PROBLEM DETAILS:
Please reproduce the lines of the records below from the one holding "Option pain theory" through the one holding "And then the", inclusive, skipping all pictures.

++++ SOURCE DATA ++++

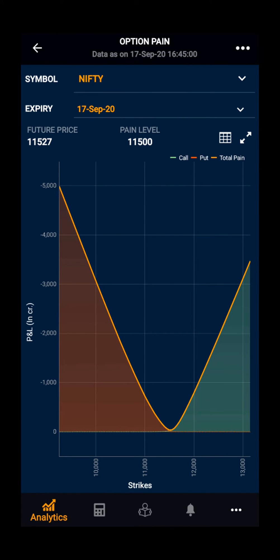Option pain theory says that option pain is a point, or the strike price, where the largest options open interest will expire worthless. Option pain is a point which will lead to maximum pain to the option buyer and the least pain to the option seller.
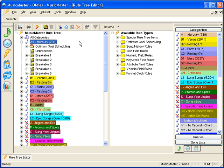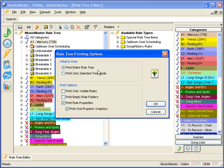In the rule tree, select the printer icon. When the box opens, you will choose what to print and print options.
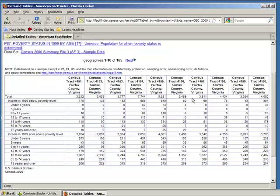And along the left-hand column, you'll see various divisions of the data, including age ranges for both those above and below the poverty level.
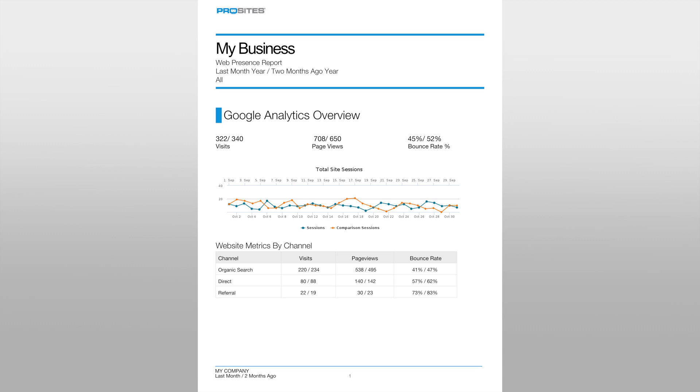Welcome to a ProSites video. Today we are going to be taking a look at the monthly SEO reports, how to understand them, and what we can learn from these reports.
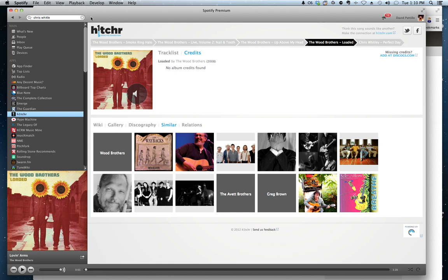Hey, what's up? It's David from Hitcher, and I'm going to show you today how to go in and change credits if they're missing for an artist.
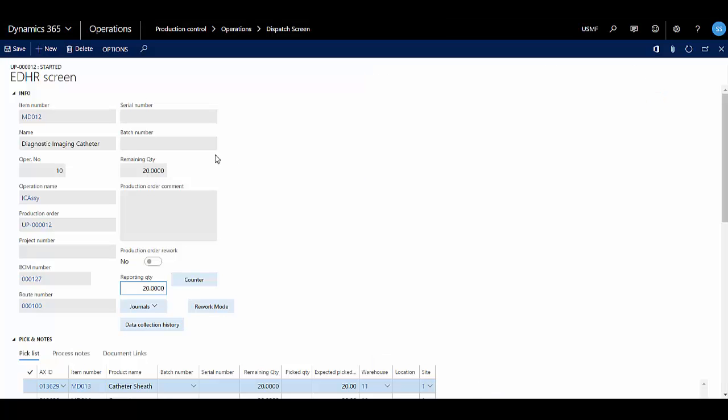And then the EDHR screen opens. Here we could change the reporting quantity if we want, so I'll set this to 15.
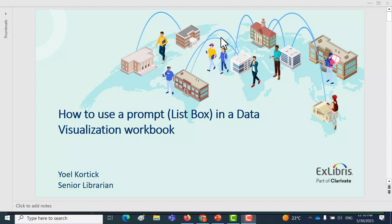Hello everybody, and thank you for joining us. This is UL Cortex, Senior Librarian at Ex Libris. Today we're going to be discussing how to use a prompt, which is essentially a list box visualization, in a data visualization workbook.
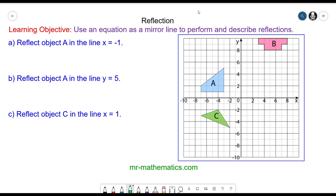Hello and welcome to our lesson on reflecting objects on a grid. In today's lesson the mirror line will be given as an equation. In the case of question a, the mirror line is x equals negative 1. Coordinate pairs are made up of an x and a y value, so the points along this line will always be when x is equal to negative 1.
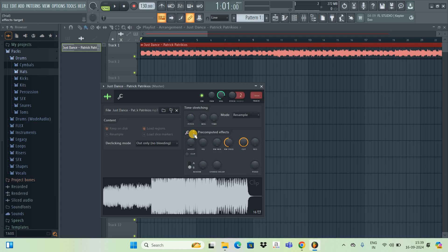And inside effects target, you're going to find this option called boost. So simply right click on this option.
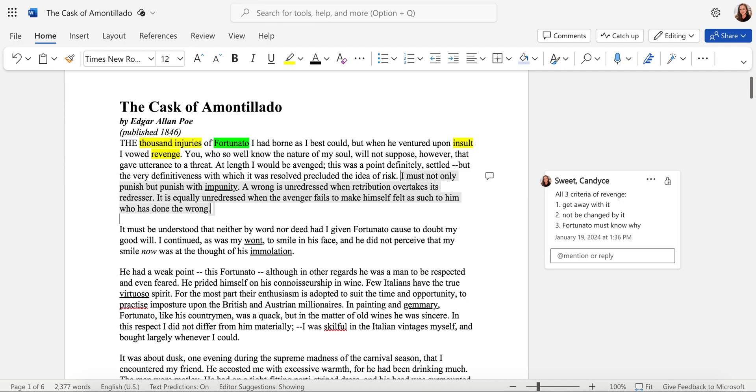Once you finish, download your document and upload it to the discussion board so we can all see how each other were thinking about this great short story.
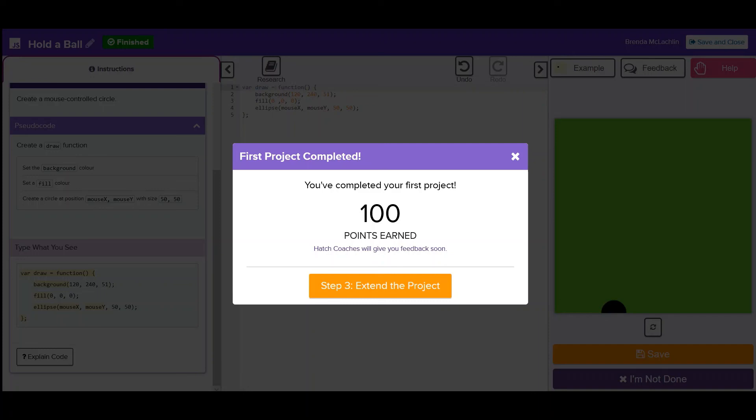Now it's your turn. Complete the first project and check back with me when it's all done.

++++
++++ SOURCE DATA ++++

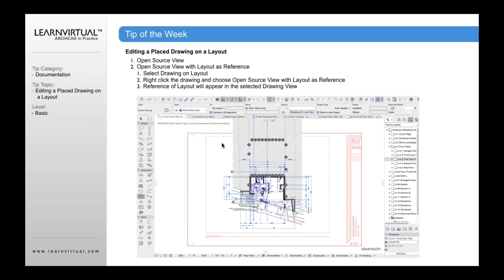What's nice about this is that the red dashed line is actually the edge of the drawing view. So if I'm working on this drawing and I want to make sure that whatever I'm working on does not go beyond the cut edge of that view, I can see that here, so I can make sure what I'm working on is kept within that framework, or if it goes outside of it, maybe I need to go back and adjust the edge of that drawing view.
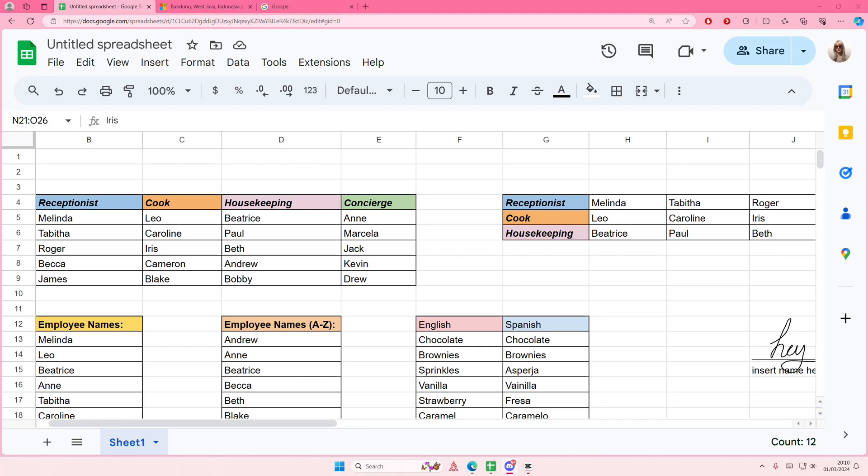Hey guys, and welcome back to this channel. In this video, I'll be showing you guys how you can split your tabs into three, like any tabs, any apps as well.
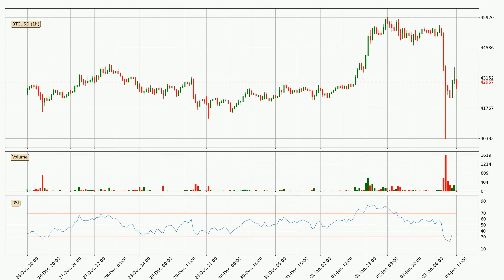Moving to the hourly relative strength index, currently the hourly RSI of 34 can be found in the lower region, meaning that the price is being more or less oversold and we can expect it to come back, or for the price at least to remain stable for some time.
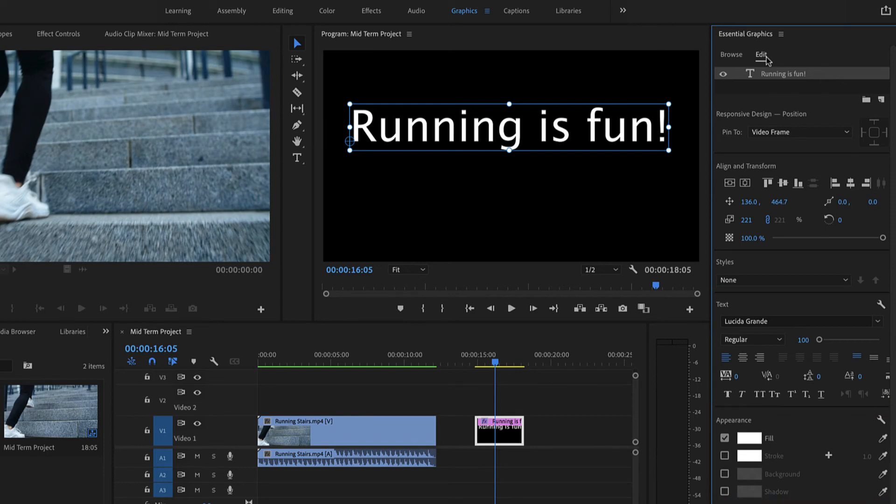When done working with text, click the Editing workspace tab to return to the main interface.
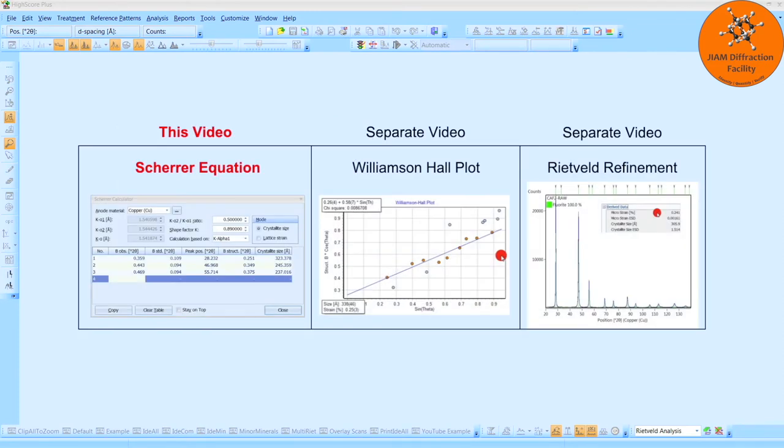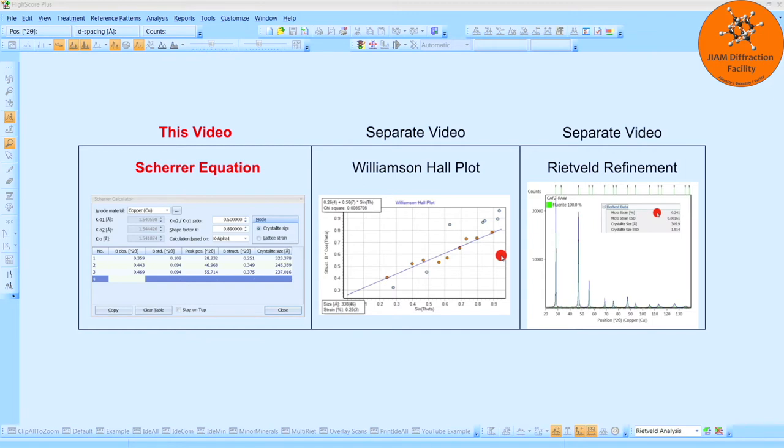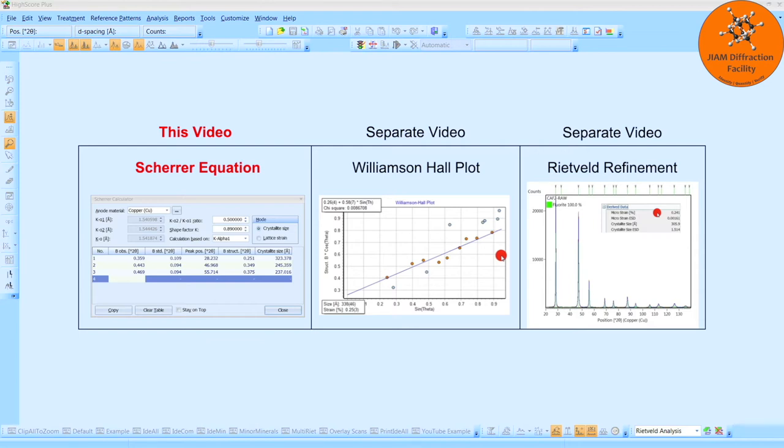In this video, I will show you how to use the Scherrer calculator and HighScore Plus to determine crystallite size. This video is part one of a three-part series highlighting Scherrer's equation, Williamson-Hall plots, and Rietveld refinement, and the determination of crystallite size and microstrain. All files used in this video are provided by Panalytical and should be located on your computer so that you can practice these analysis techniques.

++++
++++ SOURCE DATA ++++

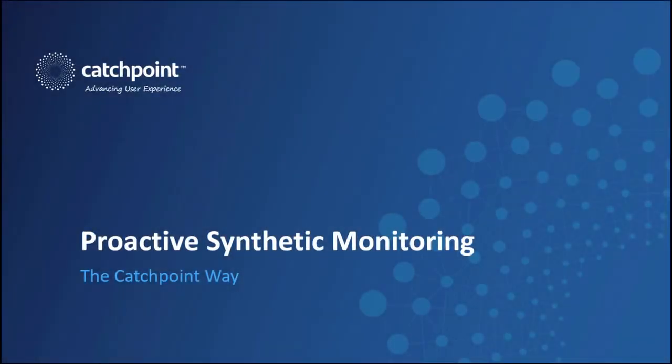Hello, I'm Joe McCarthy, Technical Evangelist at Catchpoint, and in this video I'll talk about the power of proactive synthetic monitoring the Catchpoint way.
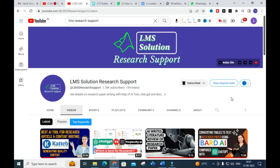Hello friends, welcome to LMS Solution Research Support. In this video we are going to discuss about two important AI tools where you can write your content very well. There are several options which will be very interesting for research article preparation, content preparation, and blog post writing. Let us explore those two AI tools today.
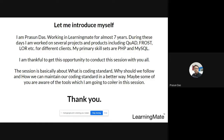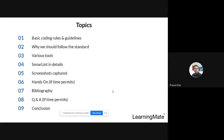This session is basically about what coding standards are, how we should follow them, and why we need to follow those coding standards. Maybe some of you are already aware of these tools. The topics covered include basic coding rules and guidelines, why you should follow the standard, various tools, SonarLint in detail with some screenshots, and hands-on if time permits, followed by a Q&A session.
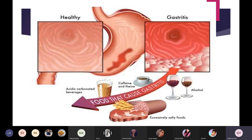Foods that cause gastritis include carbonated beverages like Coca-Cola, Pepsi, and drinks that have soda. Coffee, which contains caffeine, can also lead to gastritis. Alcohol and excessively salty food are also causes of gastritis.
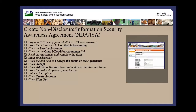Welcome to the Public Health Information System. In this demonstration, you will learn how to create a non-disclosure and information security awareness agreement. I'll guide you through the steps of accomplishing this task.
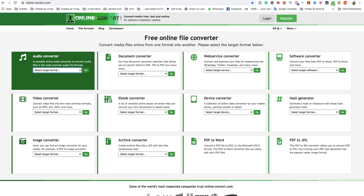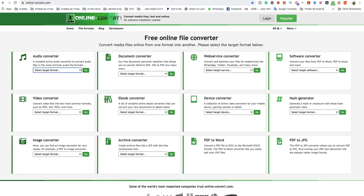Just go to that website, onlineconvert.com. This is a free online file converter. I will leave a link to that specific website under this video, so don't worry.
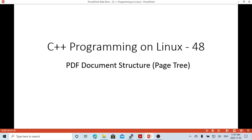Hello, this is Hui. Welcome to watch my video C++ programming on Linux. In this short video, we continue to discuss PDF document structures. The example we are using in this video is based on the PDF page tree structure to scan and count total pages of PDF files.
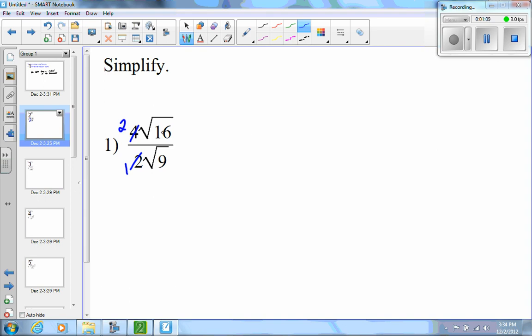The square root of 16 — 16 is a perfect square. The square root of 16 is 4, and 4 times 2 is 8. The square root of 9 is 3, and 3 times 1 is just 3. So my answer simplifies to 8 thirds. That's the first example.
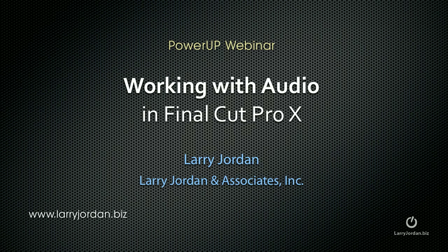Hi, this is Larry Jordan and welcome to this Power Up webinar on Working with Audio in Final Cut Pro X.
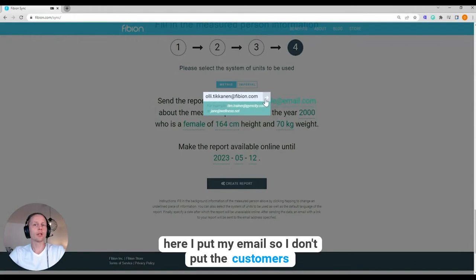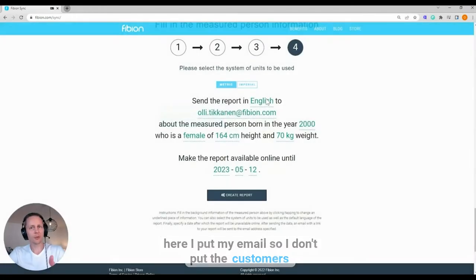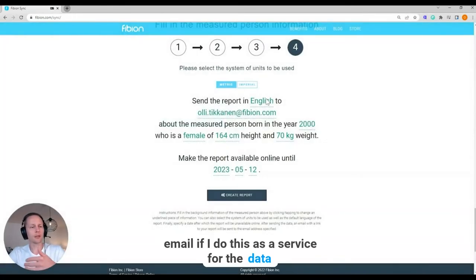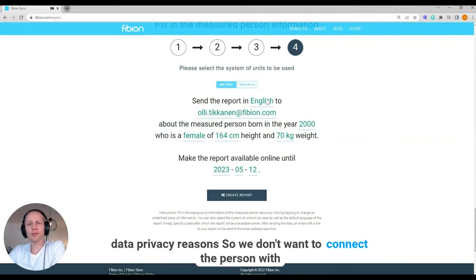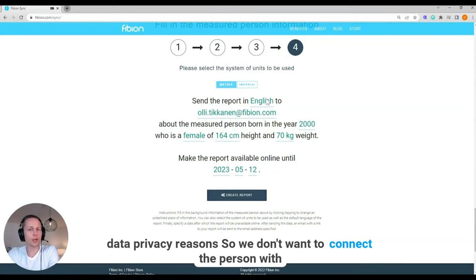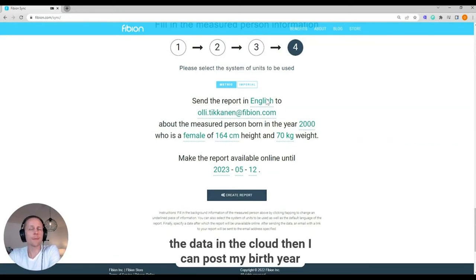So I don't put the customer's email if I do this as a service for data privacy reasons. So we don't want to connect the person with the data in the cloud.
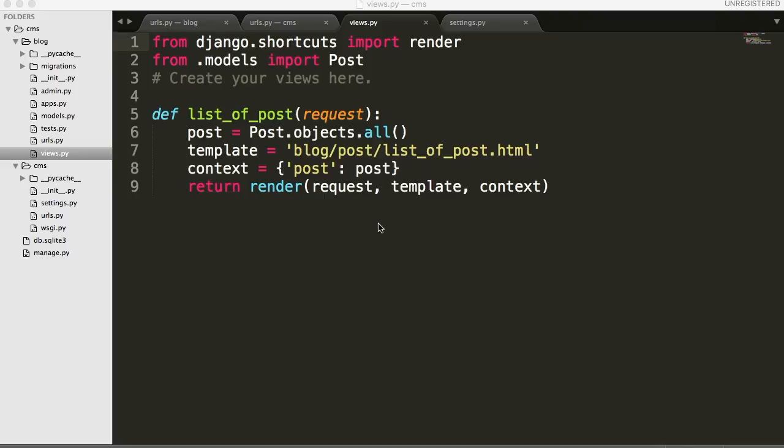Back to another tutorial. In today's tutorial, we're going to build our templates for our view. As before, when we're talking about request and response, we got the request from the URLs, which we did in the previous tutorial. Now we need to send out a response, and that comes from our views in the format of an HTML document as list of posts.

++++

WRITTEN RESPONSE:
Option pain theory says that option pain is a point, or the strike price, where the largest options open interest will expire worthless. Option pain is a point which will lead to maximum pain to the option buyer and the least pain to the option seller.
In the rule tree, select the printer icon. When the box opens, you will choose what to print and print options.
And along the left-hand column, you'll see various divisions of the data, including age ranges for both those above and below the poverty level.
Welcome to a ProSites video. Today we are going to be taking a look at the monthly SEO reports, how to understand them, and what we can learn from these reports.
Hey, what's up? It's David from Hitcher, and I'm going to show you today how to go in and change credits if they're missing for an artist.
And then the EDHR screen opens. Here we could change the reporting quantity if we want, so I'll set this to 15.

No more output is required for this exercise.